Ignore the pictures in the data below and set down exactly the lines from its first line through the line containing "Khimar Butterfly arrondi".

Captioned web image data:
——
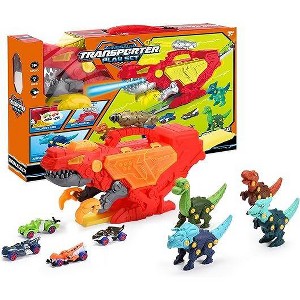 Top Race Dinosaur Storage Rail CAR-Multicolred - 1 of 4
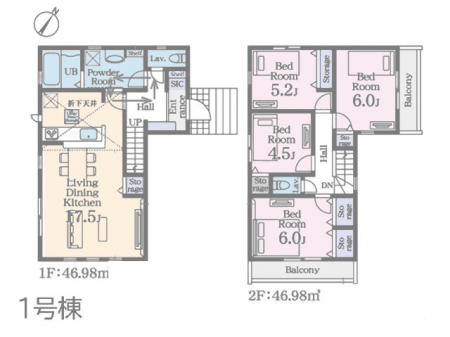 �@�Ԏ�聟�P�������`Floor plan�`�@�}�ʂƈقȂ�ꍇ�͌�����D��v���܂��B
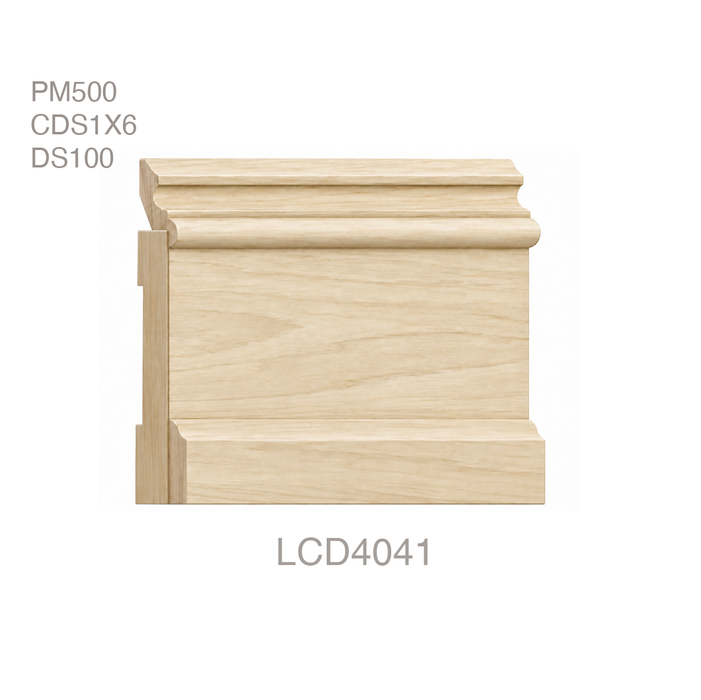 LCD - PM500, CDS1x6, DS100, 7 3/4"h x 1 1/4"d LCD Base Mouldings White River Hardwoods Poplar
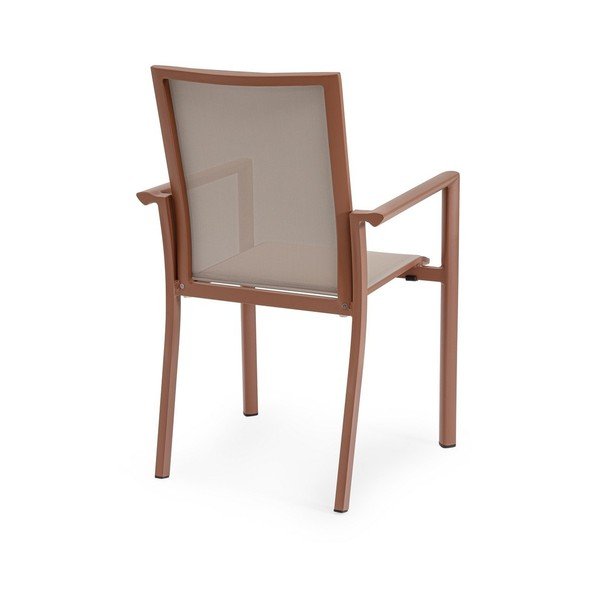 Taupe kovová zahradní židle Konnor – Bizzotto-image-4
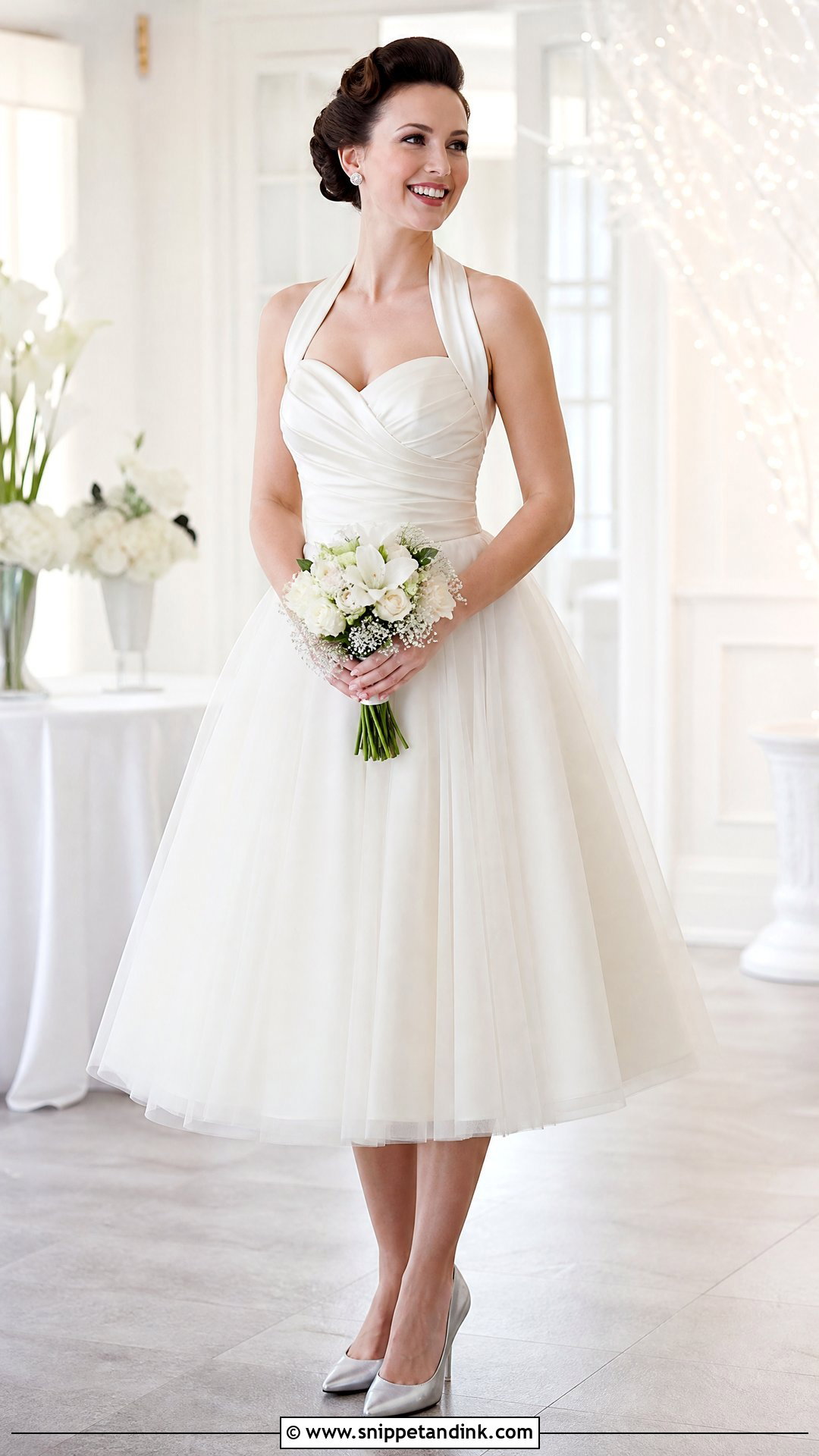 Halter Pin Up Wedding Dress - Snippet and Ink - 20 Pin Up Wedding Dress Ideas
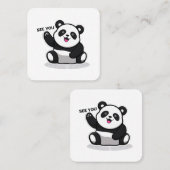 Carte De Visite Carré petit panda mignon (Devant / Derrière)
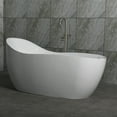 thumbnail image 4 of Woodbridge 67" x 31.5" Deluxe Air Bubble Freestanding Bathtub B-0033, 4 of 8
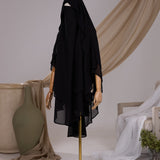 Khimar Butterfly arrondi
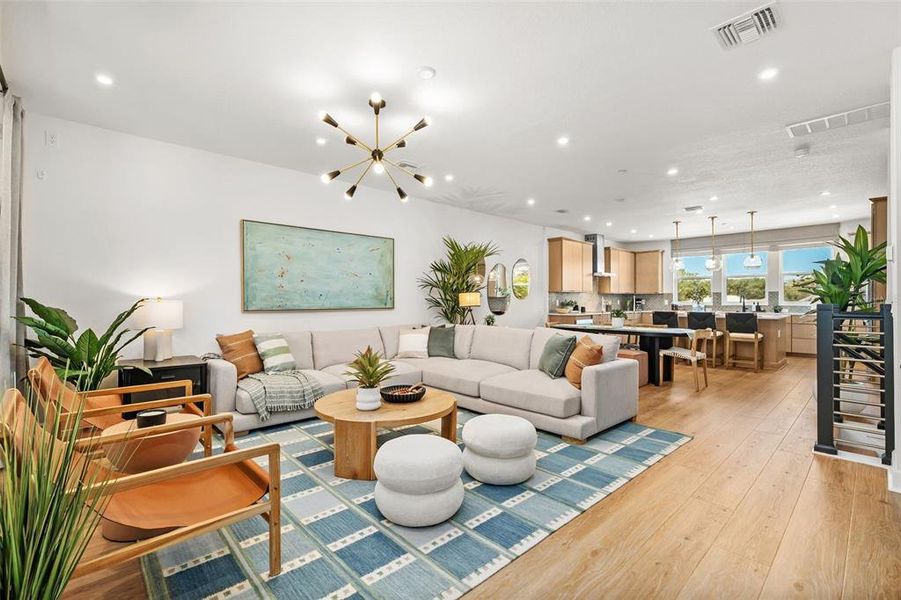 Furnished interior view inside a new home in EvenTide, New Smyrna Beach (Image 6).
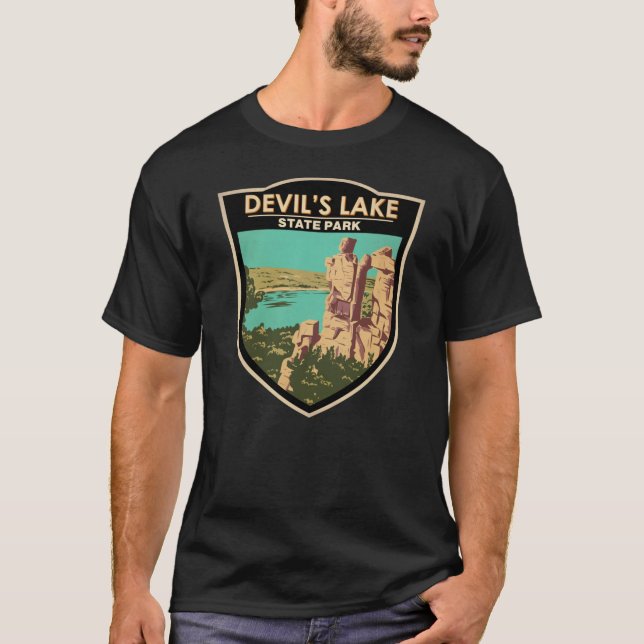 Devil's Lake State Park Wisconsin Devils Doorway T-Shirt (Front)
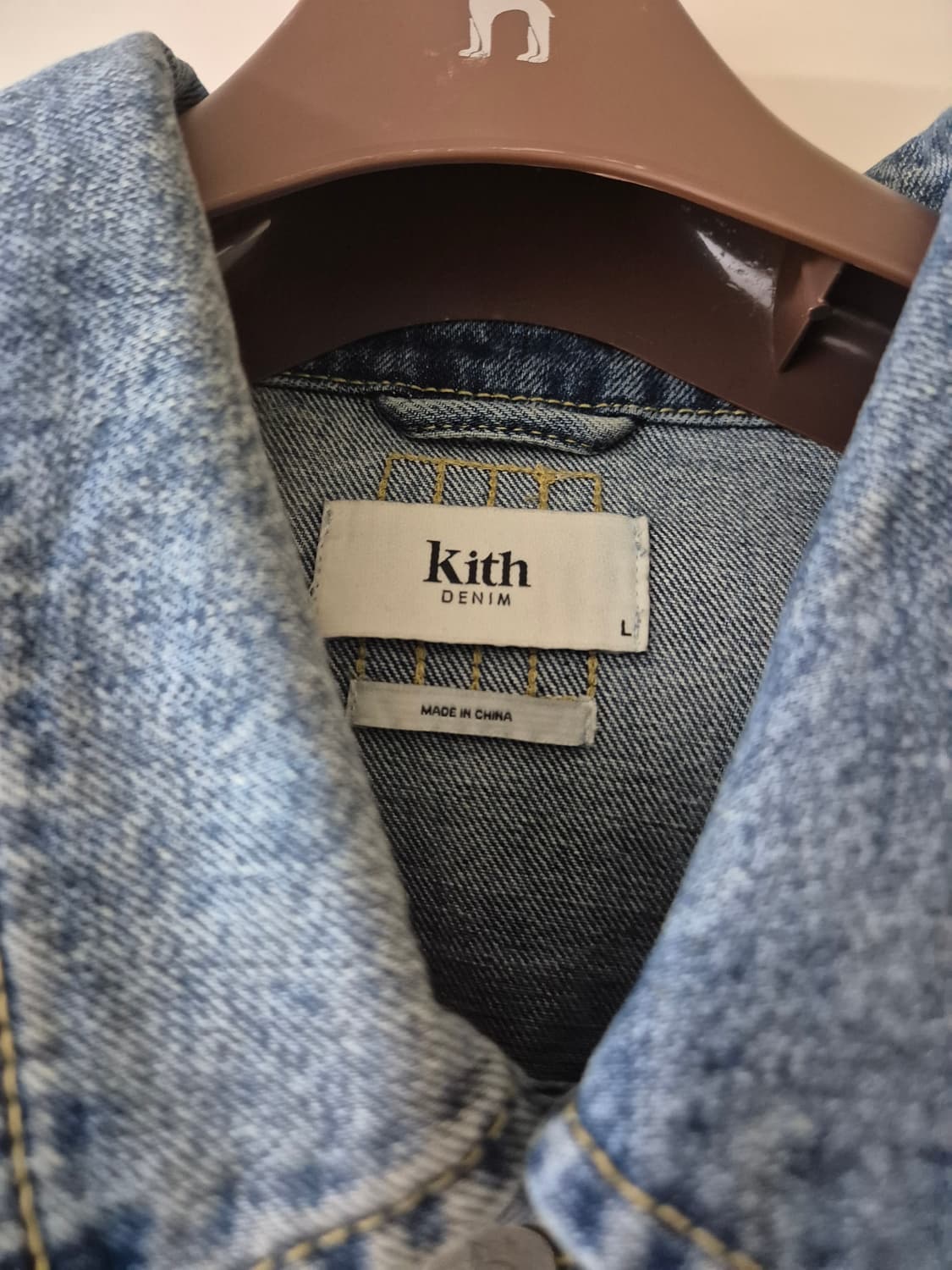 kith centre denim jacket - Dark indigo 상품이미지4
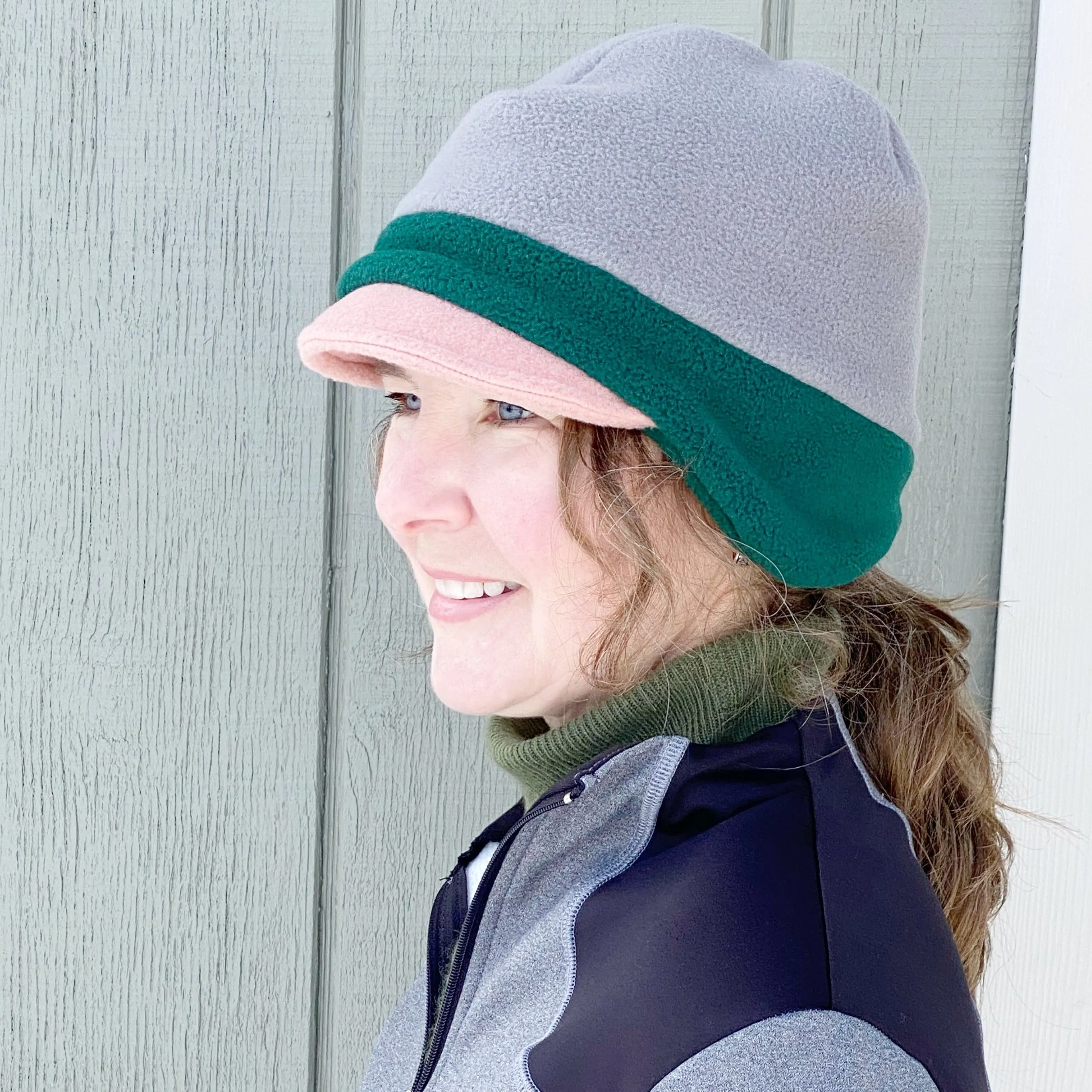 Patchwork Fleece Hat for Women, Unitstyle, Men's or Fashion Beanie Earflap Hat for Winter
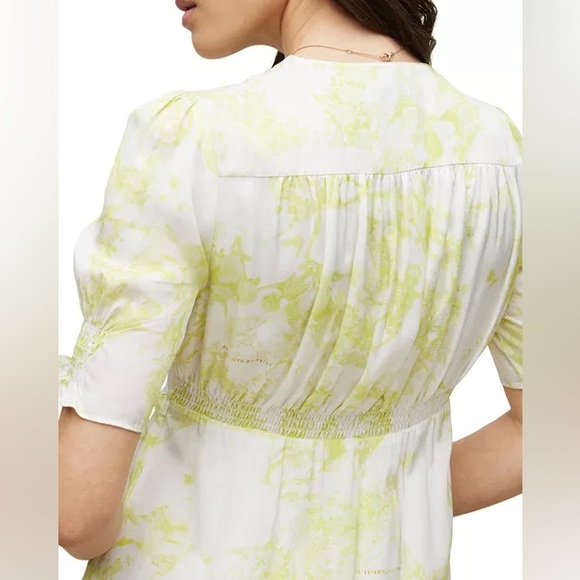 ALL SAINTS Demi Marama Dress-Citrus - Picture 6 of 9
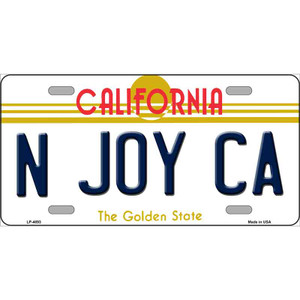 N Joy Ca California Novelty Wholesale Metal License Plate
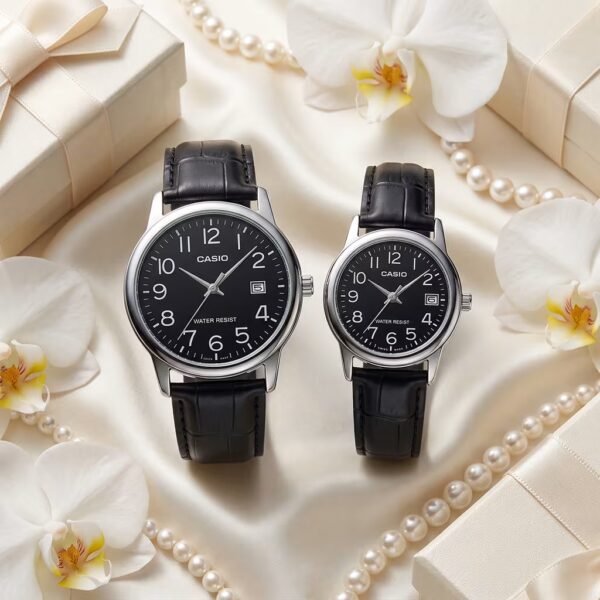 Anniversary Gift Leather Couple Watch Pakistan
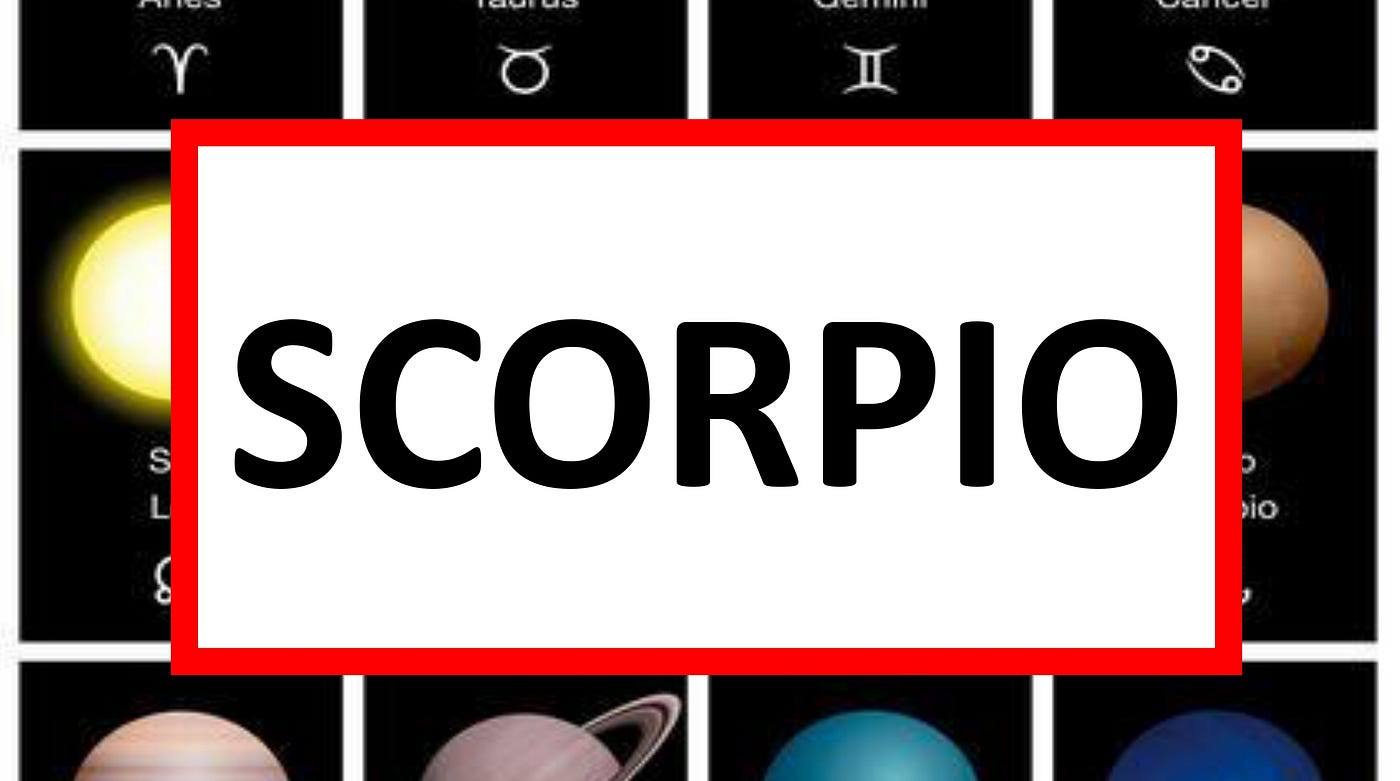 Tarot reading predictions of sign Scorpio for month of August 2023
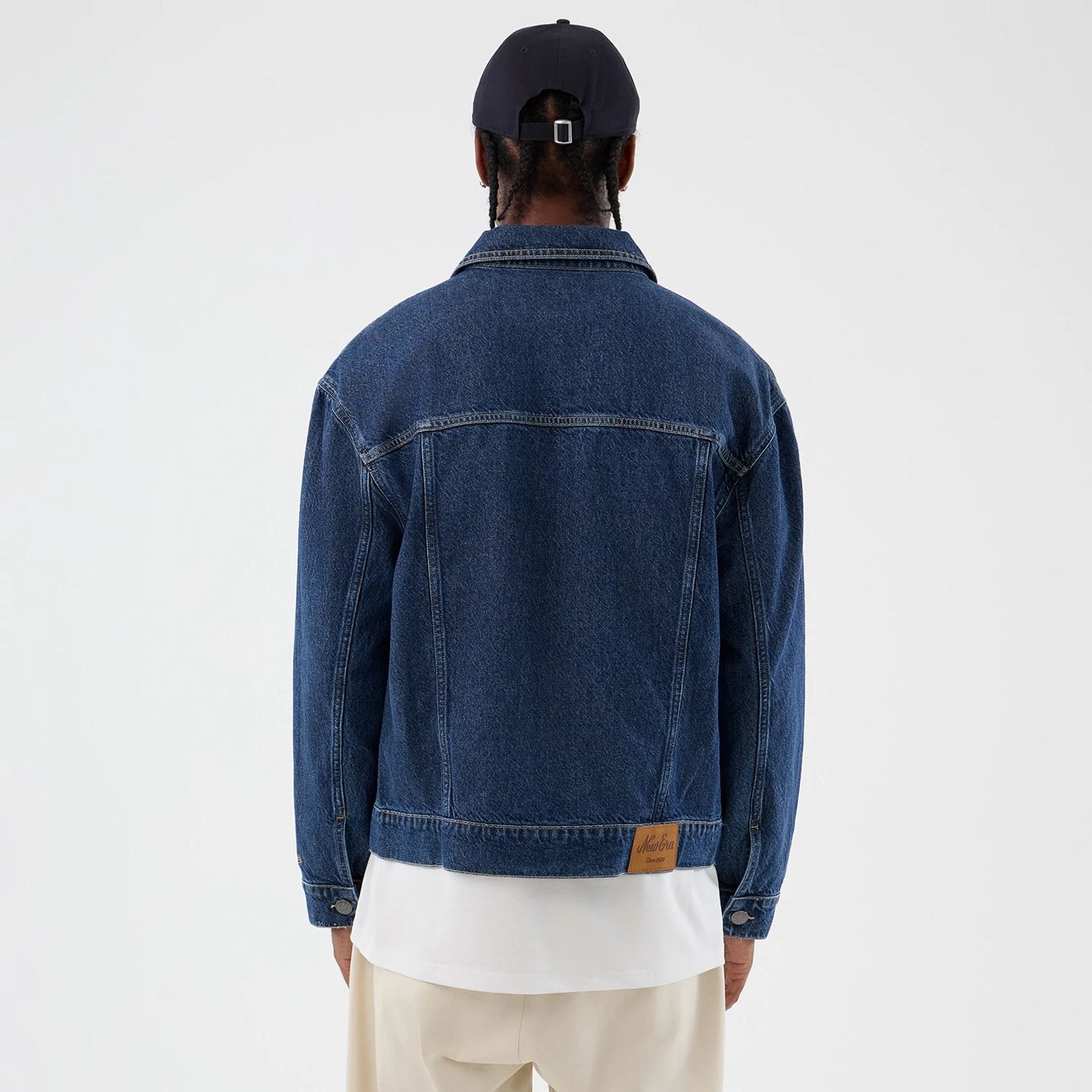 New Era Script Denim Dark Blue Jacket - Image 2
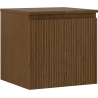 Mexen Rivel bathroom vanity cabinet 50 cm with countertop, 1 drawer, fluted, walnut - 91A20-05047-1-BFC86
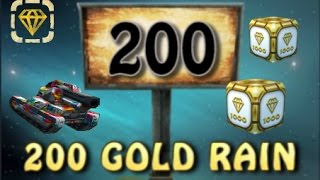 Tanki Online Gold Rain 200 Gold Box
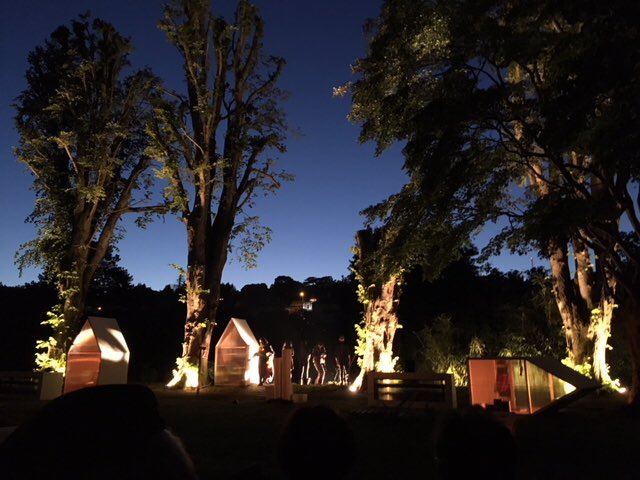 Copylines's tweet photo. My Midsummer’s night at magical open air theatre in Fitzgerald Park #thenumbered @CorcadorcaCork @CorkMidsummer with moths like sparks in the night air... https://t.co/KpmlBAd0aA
——
**Answer to this task**
 Top Race Dinosaur Storage Rail CAR-Multicolred - 1 of 4
 �@�Ԏ�聟�P�������`Floor plan�`�@�}�ʂƈقȂ�ꍇ�͌�����D��v���܂��B
 LCD - PM500, CDS1x6, DS100, 7 3/4"h x 1 1/4"d LCD Base Mouldings White River Hardwoods Poplar
 Taupe kovová zahradní židle Konnor – Bizzotto-image-4
 Halter Pin Up Wedding Dress - Snippet and Ink - 20 Pin Up Wedding Dress Ideas
 Carte De Visite Carré petit panda mignon (Devant / Derrière)
 thumbnail image 4 of Woodbridge 67" x 31.5" Deluxe Air Bubble Freestanding Bathtub B-0033, 4 of 8
 Khimar Butterfly arrondi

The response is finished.